Personally, technology and I have not always gotten along.
There was the infamous-among-my-friends episode in which I inadvertently employed the use of the match.com “Thanks, but no thanks” button four times in one night at the same guy. And I’ve certainly had my share of misdirected texts, Reply-All emails, and cringe-worthy Facebook moments. But nothing on the scale of today’s social media epic fail.
The funny thing is that I actually do this for a living. Really, I do. As part of my job, I host a successful Facebook page and Twitter feed for the city that employs me, and I’ve created and maintained a website with double the traffic of its predecessor. So, it would be fair to expect that I’d have a decent grasp of this stuff.
But no. Not really.
Today, I received an Invitation to Connect from LinkedIn. Turns out one of my work colleagues wanted to connect with me. Fine, no problem there. I logged in and accepted his invitation. And that’s when LinkedIn did a really mean thing to me.
It showed me a window with about 6-8 people in it and suggested that I make some new connections. I looked over the people in the suggestion window, shrugged, and thought, “Sure, why not?” And then I clicked on the “Add Connections” button. The next page cheerfully informed that 178 Invitations had been sent.
That’s right, folks, LinkedIn sent Invitations to Connect to everyone in my Yahoo address book who was currently on LinkedIn and not connected to me. One. Hundred. Seventy. Eight.
You know why I wasn’t connected to most of those people? BECAUSE I DIDN’T WANT TO BE CONNECTED TO MOST OF THOSE PEOPLE!!
As I assessed the damage, I discovered that the little window had a scroll function that I’d failed to notice… the six or eight people I saw were merely — and without exaggeration — the tip of the iceberg.
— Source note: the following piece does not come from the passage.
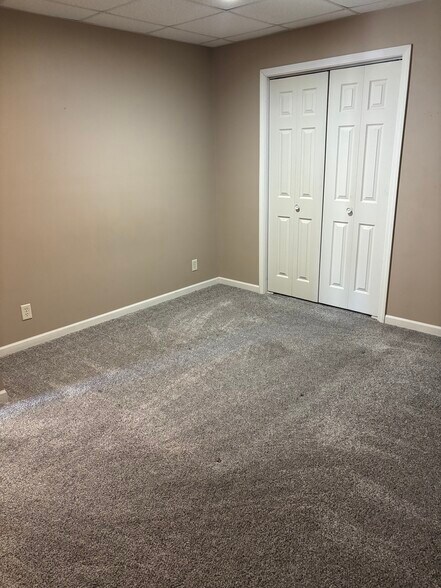 Main Bedroom - 211 E Franklin Street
In reviewing the entire list of my newest LinkedIn Connections, I realized that the lucky recipients fell generally into several sub-categories:
- Friends and colleagues that I actually would like to be connected with but hadn’t realized they were on LinkedIn (perhaps a dozen people at most, including Parker);
- Acquaintances that I have no reason to be connected to, usually because they were from a former career or because my relationship with them truly consisted of a single email about my daughter’s soccer practice two years ago;
- People whom I simply don’t recognize at all (seriously — even after many of them accepted my invitations, I now have several dozen “connections” with people I don’t have the foggiest idea who they are or how I supposedly know them); and, of course,
- Those individuals that I really should have permanently deleted from my contacts folder because I have no wish to ever speak to them again (and yes, this category contains several ex-boyfriends of dubious character).
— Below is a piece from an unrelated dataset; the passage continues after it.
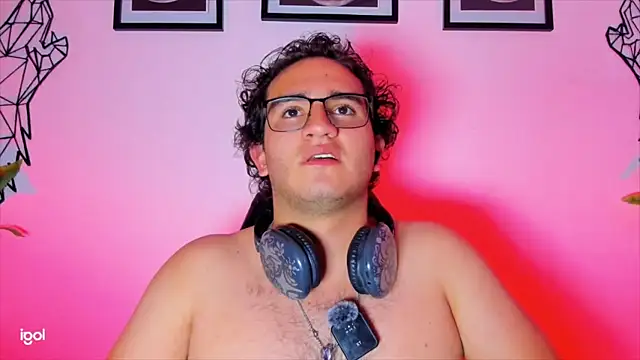 dylan_xxx1n Live XXX chat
Now, my fondest hope was that everyone in Categories 2-4 would receive my invitation, view it and think “WTF?” and then politely disregard it, sending it quickly on it’s way to the little cyber trashcan in their email program.
But no. Not really.
One of the first acceptances came from the guy I dated with the lingerie model/professional chef ex-wife. A few acceptances later, I received one from a work colleague who, I happen to know, hated my very existence on this planet. And then, of course, there were the flurry of acceptances from people who I’m sure are very nice, but I’ve no freaking clue who they are. But the icing on the cake was, of course, the acceptance from Mike, the man who broke my heart in ways I hadn’t even known could happen. Ugh and Ick.
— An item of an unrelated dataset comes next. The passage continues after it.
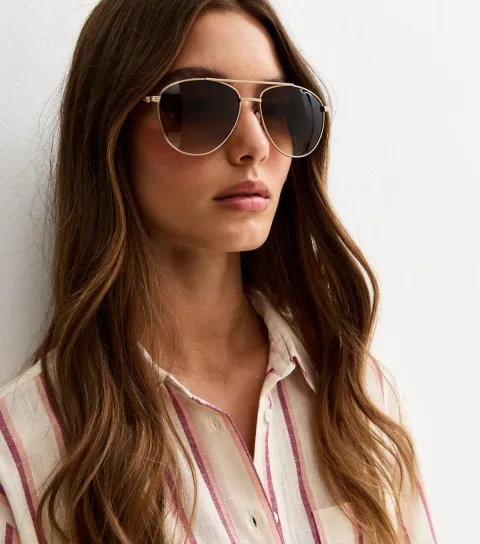Gold Tone Metal Aviator Sunglasses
Even as I sit here typing this, my phone happily pings me every few minutes with the announcement of another acceptance. Yay me!
Annie has delighted in poking fun at me about this, and, really, who can blame her? If she’d done it, I’d be having fun at her expense for weeks to come. But she also reminded me that maybe I’d done this for a reason… Maybe the universe has a greater plan for my guffaw than merely providing fodder for my friends to tease me mercilessly…. I suppose we shall see.
Anyway, I guess I might as well head over to LinkedIn and try to figure out who these new connections are and why in the world they think we should be connected. Or maybe I’ll just go pin some stuff on my Pinterest board… it’s probably safer.